I have done things with gevents, spawning greenlets and respond to user immediately. The thing is, backend should always be stateless, so worker models like celery and rabbitmq pub/sub and etc are more popular.

> Personally, given, I like how Go has things like channels, but I would never adopt a programming language for just one specific feature when I lose out on other features that are valuable to me, for instance, an object model.

That really depends on your requirements. If you need multithreading (not multiprocessing), you cannot use Python.

That really depends on your requirements. If you need multithreading (not multiprocessing), you cannot use Python.

About to show my ignorance, but when is multithreading useful when multiprocessing is not? Assuming it is a use case that is suited for a high level dynamic language to begin with.

Multithreading lets you share memory. Multiprocessing requires you to serialize your data and copy it to the other processes. That can be very expensive.

This only matters for performance-critical applications.

Let's say you have a REST request come in. In order to fulfill that request you need to make 10 REST requests of your own to various back-end systems. If you can make some of those requests asynchronously you'll greatly reduce your response time. While I suppose you could mangle your way through it multi-process, it seems like a bastardization of the model.
If you're just sending HTTP requests, regular threading in Python works fine - waiting for a socket response doesn't block the execution of other threads.

Python threads are real threads, and things like blocking socket IO does not block Python execution in other threads.

While I suppose you could mangle your way through it multi-process, it seems like a bastardization of the model.

That kind of sounds like you're nitpicking over an implementation detail. Which brings me back to my original confusion. If I have an interface that allows me to articulate concurrent tasks, I don't see the difference between threads, processes, or separate machines.

Again, this is assuming we're not in a resource constrained environment, and we're not doing something so processor heavy that it really should be compiled.

Think I'd rather use asyncio in this case. Assuming most recent Python might not be fair though I guess.
It looks like a job for an event loop (tornado/twisted/asyncio), not for a thread pool.
> If you need multithreading (not multiprocessing), you cannot use Python.

If you need multithreading of Python code for parallelism, you cannot use CPython (and, consequently, can't use Python 3.)

Both IronPython and Jython use native threads without a GIL.

The GIL only restricts utilization of multiple cores. This makes parallelism harder but not concurrency. Python fully supports threads, but you won't find two threads in the same process running at the same time.
Small clarification - you will if they are down in C code. i.e. you can have multiple threads in Python blocking on IO just fine. Or three threads concurrently running C code which releases the GIL until it needs to be re-acquired. Quite a few standard libraries which require significant processing power do exactly this.
I think you're right, but on a related topic, I've yet to find something that works as easily as Go's select statement in Python.
> Personally, given, I like how Go has things like channels, but I would never adopt a programming language for just one specific feature when I lose out on other features that are valuable to me, for instance, an object model.

Go has an object model.

> Go has an object model.

I'm no sure go creators would agree with this. The go object model is different enough from other object models that it would not qualify as one for a lot of people.

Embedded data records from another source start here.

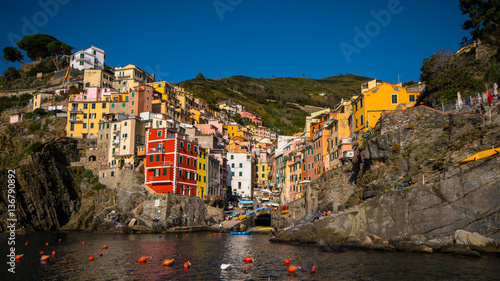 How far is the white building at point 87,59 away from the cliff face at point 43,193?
156 feet

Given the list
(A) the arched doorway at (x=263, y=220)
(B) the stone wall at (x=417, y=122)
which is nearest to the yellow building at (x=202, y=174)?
(A) the arched doorway at (x=263, y=220)

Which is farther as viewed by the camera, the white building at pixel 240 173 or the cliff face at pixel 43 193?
the white building at pixel 240 173

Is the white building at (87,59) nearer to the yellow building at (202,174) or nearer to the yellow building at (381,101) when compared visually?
the yellow building at (202,174)

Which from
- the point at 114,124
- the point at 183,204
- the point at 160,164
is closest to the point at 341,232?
the point at 183,204

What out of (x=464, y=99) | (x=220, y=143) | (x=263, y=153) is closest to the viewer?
(x=464, y=99)

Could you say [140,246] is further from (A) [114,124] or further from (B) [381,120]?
(A) [114,124]

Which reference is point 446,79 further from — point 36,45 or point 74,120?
point 36,45

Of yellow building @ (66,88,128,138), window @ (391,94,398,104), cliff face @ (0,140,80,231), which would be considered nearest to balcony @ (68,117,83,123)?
yellow building @ (66,88,128,138)

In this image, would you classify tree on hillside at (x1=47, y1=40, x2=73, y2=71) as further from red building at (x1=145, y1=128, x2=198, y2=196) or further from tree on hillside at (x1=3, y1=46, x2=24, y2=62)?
red building at (x1=145, y1=128, x2=198, y2=196)

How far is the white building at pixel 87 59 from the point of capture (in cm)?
11906

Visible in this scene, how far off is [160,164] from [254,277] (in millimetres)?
45114

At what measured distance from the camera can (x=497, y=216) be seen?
32.5 m

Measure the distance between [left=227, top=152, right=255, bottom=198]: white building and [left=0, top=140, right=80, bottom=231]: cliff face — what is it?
36.4 m

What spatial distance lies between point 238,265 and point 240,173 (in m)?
63.8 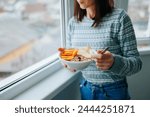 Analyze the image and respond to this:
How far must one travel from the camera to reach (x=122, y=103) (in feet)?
2.74

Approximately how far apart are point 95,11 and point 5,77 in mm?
436

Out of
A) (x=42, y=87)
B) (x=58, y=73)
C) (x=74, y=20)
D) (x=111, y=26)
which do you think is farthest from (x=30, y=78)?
(x=111, y=26)

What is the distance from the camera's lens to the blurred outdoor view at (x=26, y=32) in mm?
940

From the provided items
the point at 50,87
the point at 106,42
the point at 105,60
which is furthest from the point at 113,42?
the point at 50,87

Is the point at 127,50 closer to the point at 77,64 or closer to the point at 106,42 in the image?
the point at 106,42

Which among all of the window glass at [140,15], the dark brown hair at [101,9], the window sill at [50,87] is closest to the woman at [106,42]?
the dark brown hair at [101,9]

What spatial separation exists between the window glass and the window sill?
0.58 m

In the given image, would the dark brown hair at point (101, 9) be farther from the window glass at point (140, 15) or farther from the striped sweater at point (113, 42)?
the window glass at point (140, 15)

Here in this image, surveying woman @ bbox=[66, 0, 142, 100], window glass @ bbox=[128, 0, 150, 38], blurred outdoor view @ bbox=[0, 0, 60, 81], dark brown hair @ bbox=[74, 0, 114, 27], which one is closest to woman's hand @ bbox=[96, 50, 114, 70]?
woman @ bbox=[66, 0, 142, 100]

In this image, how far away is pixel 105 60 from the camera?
2.56 feet

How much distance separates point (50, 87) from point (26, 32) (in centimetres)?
26

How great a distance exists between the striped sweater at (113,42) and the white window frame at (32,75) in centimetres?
24

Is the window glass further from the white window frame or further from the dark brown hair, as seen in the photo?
the dark brown hair

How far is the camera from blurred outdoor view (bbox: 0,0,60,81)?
0.94 meters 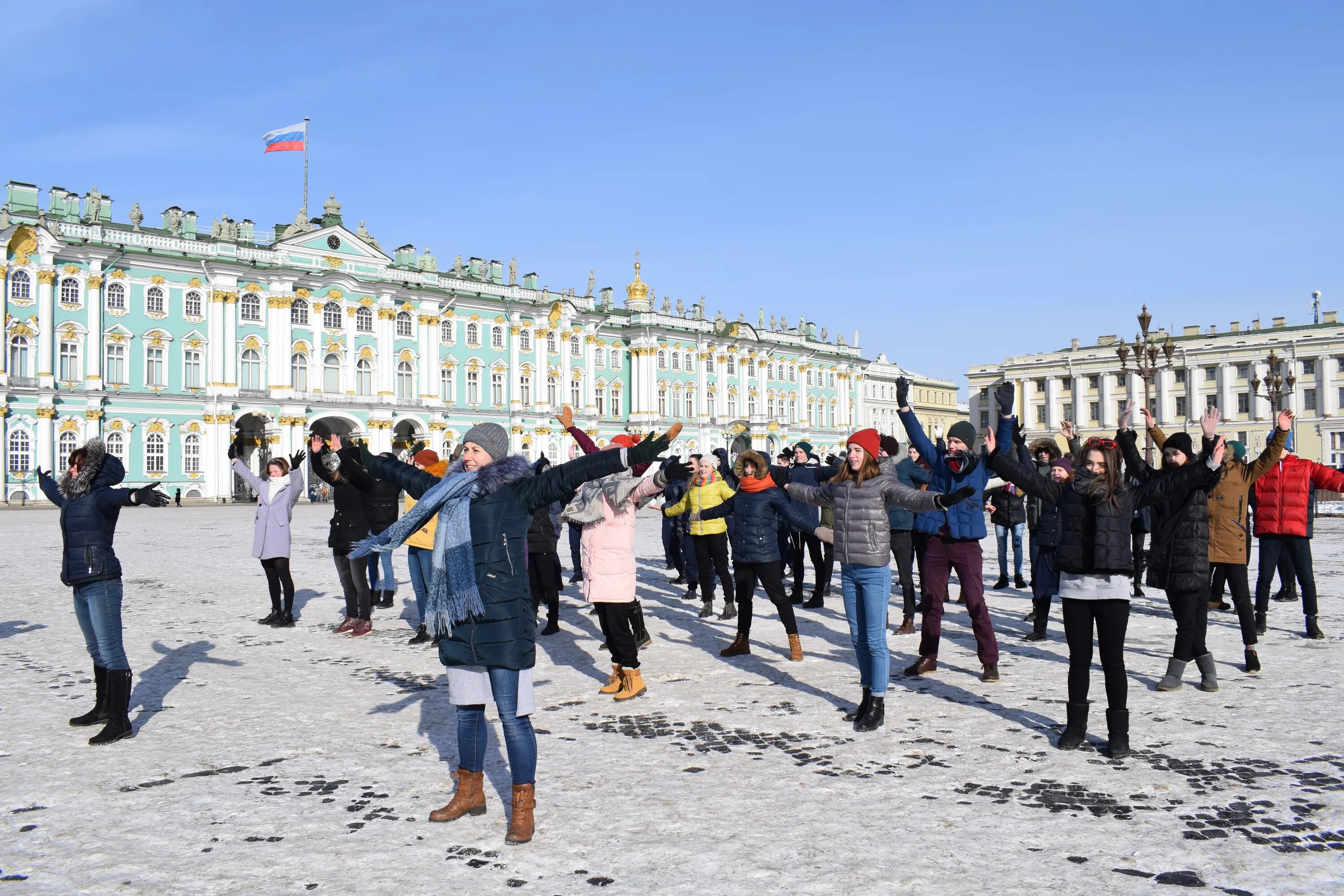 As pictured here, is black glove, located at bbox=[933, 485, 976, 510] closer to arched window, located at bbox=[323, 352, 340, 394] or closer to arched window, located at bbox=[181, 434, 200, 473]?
arched window, located at bbox=[181, 434, 200, 473]

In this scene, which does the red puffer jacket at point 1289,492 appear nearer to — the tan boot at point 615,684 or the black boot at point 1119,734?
the black boot at point 1119,734

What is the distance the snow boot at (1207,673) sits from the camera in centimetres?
800

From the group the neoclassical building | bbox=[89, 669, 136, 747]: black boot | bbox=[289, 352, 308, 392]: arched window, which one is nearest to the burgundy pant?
bbox=[89, 669, 136, 747]: black boot

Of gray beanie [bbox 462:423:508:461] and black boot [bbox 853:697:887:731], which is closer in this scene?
gray beanie [bbox 462:423:508:461]

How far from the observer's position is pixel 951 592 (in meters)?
14.4

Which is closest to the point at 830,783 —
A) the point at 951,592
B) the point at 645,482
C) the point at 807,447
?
the point at 645,482

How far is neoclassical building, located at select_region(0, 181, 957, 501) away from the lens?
46781 mm

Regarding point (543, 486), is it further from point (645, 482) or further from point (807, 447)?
point (807, 447)

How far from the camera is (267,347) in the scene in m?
53.0

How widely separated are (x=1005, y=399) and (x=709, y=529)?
16.2 ft

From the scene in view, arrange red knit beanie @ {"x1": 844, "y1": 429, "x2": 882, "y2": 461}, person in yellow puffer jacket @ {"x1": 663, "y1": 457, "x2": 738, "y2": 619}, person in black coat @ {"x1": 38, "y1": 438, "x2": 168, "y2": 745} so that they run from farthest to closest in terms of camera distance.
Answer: person in yellow puffer jacket @ {"x1": 663, "y1": 457, "x2": 738, "y2": 619} < red knit beanie @ {"x1": 844, "y1": 429, "x2": 882, "y2": 461} < person in black coat @ {"x1": 38, "y1": 438, "x2": 168, "y2": 745}

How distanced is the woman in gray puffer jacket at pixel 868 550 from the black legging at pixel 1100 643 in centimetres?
114

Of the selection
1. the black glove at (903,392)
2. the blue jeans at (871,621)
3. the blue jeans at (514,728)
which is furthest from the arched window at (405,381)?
the blue jeans at (514,728)

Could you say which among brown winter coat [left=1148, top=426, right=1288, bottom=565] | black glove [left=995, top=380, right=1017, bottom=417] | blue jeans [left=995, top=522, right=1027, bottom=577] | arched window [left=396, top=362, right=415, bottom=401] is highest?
arched window [left=396, top=362, right=415, bottom=401] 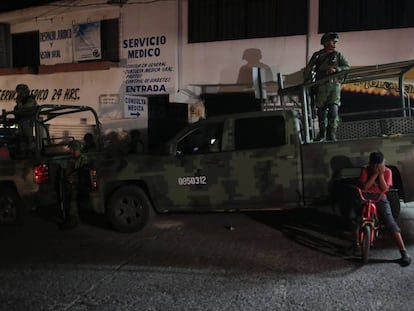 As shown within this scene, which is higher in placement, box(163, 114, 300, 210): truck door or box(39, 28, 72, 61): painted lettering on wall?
box(39, 28, 72, 61): painted lettering on wall

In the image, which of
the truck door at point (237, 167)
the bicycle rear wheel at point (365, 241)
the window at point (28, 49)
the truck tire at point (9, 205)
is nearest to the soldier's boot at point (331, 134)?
the truck door at point (237, 167)

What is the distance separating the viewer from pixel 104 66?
13.0 m

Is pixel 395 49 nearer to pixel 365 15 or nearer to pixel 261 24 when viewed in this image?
pixel 365 15

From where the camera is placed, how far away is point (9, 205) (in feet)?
25.8

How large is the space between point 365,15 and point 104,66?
23.3 ft

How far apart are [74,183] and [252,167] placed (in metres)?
2.92

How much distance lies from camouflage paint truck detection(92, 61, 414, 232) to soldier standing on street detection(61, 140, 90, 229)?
540 millimetres

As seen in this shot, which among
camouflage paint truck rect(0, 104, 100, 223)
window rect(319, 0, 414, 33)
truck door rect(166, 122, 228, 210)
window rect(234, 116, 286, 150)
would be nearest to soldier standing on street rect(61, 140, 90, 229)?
camouflage paint truck rect(0, 104, 100, 223)

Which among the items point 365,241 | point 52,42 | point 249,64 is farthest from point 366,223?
point 52,42

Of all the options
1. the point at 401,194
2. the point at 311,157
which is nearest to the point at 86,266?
the point at 311,157

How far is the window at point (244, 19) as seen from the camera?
36.7ft

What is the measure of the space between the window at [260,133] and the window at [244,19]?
5.31 meters

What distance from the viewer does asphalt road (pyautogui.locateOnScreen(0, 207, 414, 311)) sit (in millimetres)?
4270

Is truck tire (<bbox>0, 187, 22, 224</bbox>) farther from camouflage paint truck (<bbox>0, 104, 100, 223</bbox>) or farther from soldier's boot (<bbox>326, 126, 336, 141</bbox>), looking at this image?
soldier's boot (<bbox>326, 126, 336, 141</bbox>) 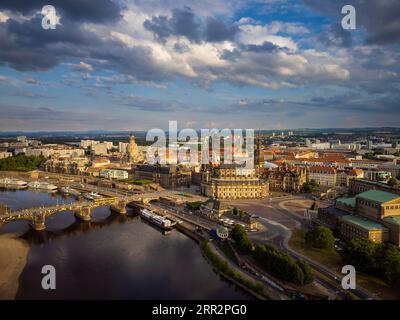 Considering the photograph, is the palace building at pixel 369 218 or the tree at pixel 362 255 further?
the palace building at pixel 369 218

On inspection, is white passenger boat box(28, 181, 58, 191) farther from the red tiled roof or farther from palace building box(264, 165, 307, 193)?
the red tiled roof

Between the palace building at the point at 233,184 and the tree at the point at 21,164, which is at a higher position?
the tree at the point at 21,164

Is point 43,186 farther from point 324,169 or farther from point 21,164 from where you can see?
point 324,169

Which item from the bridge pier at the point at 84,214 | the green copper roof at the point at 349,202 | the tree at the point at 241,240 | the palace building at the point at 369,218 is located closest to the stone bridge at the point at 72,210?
the bridge pier at the point at 84,214

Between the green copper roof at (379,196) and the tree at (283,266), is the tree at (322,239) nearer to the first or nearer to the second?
the tree at (283,266)

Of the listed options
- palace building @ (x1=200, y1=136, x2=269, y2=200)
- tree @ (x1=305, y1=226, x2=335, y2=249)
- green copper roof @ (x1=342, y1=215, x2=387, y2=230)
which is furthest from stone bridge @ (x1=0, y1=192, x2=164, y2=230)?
green copper roof @ (x1=342, y1=215, x2=387, y2=230)

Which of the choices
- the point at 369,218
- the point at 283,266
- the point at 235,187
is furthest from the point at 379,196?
the point at 235,187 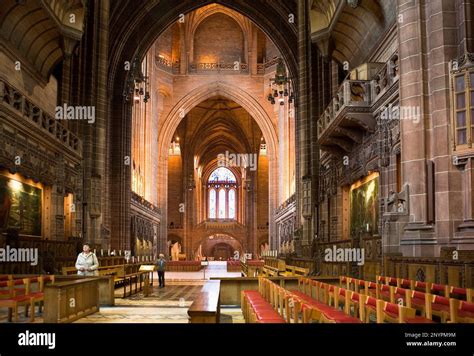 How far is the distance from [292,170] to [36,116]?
23356mm

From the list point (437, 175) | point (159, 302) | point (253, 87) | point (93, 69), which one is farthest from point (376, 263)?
point (253, 87)

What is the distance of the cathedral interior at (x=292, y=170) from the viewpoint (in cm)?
A: 973

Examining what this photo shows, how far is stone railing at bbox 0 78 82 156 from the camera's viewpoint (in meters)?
15.3

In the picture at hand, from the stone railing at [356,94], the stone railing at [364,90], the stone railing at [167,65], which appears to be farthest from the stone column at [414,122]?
the stone railing at [167,65]

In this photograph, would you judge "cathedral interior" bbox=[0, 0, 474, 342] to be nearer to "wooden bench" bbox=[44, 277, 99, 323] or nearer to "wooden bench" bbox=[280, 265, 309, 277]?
"wooden bench" bbox=[44, 277, 99, 323]

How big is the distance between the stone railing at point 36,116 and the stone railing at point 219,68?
930 inches

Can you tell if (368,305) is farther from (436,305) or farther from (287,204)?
(287,204)

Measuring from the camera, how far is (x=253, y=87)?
45.3m

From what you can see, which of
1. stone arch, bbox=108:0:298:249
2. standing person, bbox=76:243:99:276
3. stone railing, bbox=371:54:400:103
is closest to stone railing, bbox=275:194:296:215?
stone arch, bbox=108:0:298:249

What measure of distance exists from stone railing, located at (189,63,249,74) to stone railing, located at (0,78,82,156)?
77.5 feet

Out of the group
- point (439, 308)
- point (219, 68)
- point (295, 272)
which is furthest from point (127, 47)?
point (439, 308) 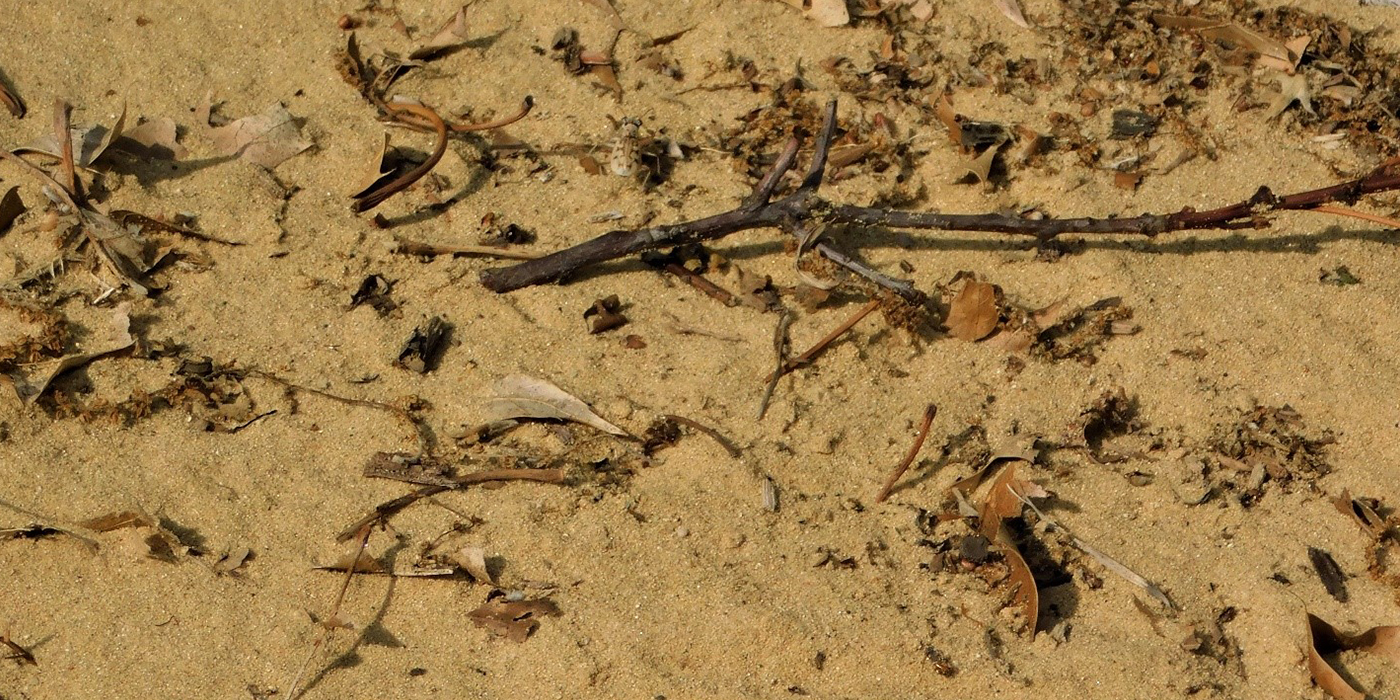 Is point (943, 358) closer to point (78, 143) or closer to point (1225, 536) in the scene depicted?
point (1225, 536)

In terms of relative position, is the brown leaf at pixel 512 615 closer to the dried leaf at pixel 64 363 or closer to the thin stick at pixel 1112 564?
the thin stick at pixel 1112 564

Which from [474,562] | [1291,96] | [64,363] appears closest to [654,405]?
[474,562]

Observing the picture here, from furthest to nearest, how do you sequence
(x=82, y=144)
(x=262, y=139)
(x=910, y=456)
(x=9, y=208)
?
(x=262, y=139) → (x=82, y=144) → (x=9, y=208) → (x=910, y=456)

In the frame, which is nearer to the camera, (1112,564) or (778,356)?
(1112,564)

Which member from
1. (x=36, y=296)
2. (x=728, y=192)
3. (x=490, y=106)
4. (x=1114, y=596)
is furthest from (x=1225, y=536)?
(x=36, y=296)

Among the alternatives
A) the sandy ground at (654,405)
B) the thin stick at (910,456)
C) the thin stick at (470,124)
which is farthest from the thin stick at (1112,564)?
the thin stick at (470,124)

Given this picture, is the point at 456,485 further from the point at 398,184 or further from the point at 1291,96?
the point at 1291,96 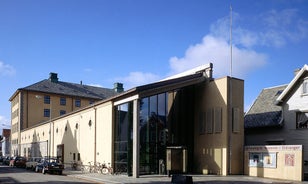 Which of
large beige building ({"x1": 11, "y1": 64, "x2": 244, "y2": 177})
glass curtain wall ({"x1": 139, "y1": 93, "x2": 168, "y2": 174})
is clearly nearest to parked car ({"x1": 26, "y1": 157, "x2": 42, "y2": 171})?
large beige building ({"x1": 11, "y1": 64, "x2": 244, "y2": 177})

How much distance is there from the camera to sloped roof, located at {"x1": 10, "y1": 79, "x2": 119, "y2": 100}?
236 ft

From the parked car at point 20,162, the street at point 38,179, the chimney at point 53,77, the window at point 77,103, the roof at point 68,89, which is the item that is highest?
the chimney at point 53,77

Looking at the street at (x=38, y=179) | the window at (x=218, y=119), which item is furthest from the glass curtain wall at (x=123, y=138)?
the window at (x=218, y=119)

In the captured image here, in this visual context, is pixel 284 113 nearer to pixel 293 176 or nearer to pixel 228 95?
pixel 228 95

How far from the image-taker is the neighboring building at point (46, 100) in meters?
70.2

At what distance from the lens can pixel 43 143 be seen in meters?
55.8

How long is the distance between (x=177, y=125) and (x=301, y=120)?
10120 mm

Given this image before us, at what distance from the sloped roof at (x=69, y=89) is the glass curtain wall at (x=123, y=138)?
147ft

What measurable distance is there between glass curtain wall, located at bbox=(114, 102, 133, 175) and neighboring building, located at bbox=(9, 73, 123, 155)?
4043cm

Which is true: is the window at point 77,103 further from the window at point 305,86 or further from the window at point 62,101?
the window at point 305,86

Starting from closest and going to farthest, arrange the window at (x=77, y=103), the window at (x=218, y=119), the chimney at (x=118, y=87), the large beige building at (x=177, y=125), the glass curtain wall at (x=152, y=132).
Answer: the large beige building at (x=177, y=125) < the glass curtain wall at (x=152, y=132) < the window at (x=218, y=119) < the window at (x=77, y=103) < the chimney at (x=118, y=87)

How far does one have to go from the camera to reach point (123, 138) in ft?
96.0

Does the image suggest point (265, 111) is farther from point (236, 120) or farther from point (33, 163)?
point (33, 163)

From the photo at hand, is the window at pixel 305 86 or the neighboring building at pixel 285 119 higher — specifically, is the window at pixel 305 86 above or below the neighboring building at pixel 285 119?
above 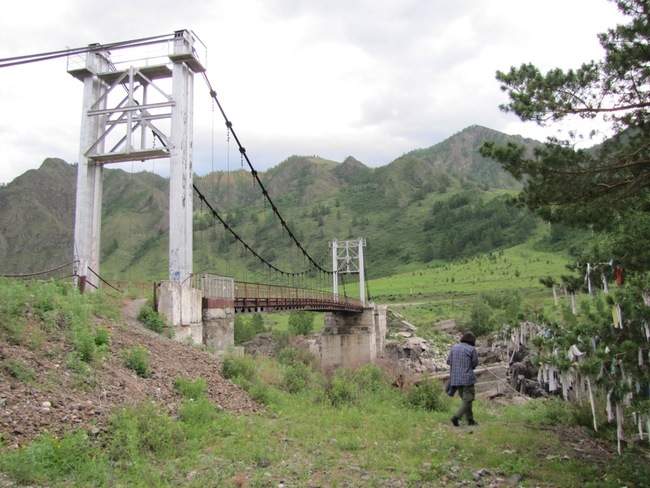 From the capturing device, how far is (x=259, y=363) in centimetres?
1110

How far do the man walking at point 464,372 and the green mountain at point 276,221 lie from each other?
39.6 meters

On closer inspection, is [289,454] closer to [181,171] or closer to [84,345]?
[84,345]

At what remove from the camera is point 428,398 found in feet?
32.4

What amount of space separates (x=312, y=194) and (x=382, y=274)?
65.0m

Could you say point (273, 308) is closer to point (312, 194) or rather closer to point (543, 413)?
point (543, 413)

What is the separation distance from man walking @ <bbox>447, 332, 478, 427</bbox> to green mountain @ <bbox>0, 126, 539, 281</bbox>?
3962 centimetres

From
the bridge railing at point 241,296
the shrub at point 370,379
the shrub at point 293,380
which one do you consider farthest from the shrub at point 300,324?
the shrub at point 293,380

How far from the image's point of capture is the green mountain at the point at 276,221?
68375 mm

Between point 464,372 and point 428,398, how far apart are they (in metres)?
2.19

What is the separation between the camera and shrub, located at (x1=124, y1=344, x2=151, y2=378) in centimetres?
739

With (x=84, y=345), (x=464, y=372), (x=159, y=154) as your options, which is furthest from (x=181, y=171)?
(x=464, y=372)

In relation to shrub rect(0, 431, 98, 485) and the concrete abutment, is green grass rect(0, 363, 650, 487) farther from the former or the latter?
the concrete abutment

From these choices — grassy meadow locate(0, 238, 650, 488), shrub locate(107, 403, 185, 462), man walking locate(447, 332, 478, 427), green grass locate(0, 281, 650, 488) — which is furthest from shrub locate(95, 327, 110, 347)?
man walking locate(447, 332, 478, 427)

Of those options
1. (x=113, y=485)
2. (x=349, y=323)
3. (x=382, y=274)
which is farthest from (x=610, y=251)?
(x=382, y=274)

Object models don't all have to be identical. Go doesn't have the same object model as Java, but it still has one. Saying it doesn't is simply wrong.
These are great ideas. I told Valentin to drop by. Because DAS is an aggregator with an expert-system style query language, there is sharing among the Python services for caching. It's the caching that makes async code a good option. Preforking might work against this without significant increase in complexity in order to communicate with a single local cache. Remember that this is a web service for the Large Hadron Collider. Nothing about that is small.